**WORK REQUEST:** The task calls for each record to be given again unchanged, minus any pictures.

**DATA EXCERPTS:**
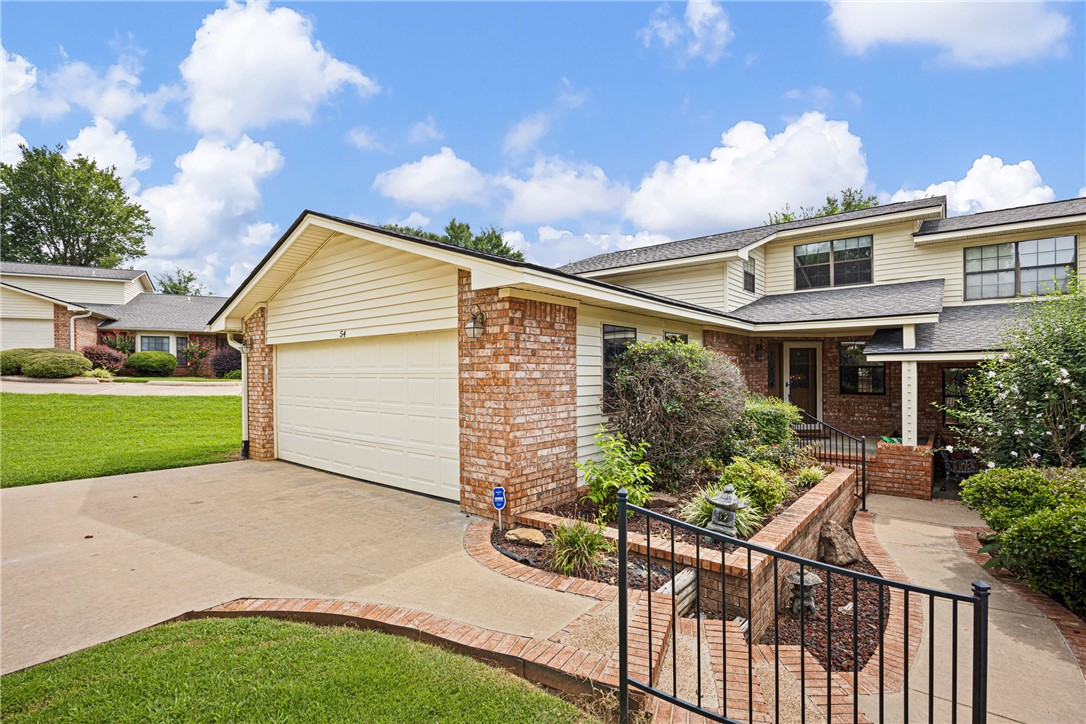 Club Road Village Property Regime - Residential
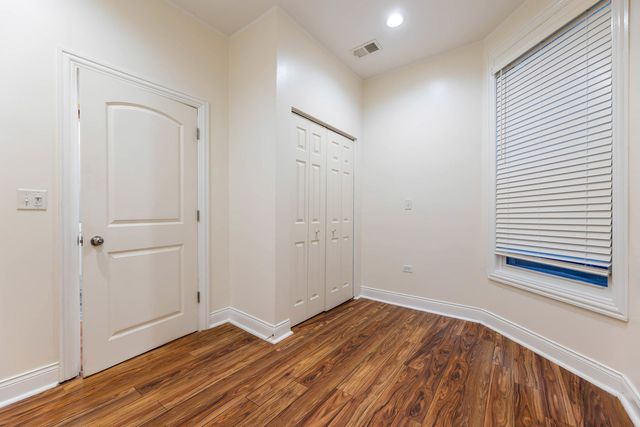 3827 W Flournoy Street 1, Chicago, IL 60624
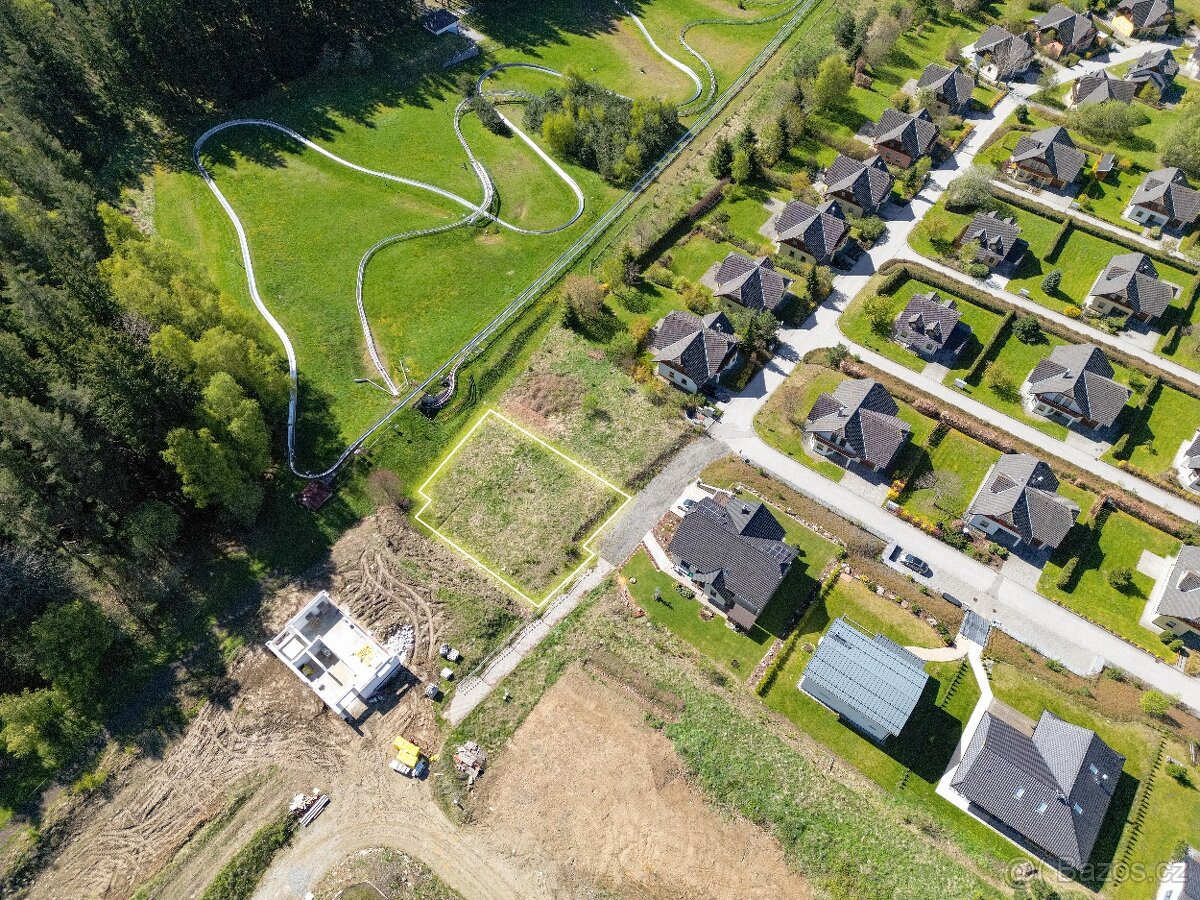 Stavební pozemek Lipno nad Vltavou se stavebním povolenim - 2
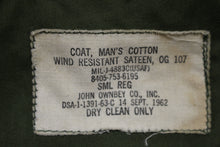 Load image into Gallery viewer, Vintage 1962 Vietnam Era Man's Cotton Wind Resistant Sateen Coat - Small Regular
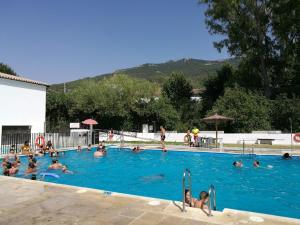 Basen w obiekcie Apartamento El Sendero lub w pobliżu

**SOLUTION FOR THIS EXERCISE:**
 Club Road Village Property Regime - Residential
 3827 W Flournoy Street 1, Chicago, IL 60624
 Stavební pozemek Lipno nad Vltavou se stavebním povolenim - 2
 Load image into Gallery viewer, Vintage 1962 Vietnam Era Man's Cotton Wind Resistant Sateen Coat - Small Regular
 Basen w obiekcie Apartamento El Sendero lub w pobliżu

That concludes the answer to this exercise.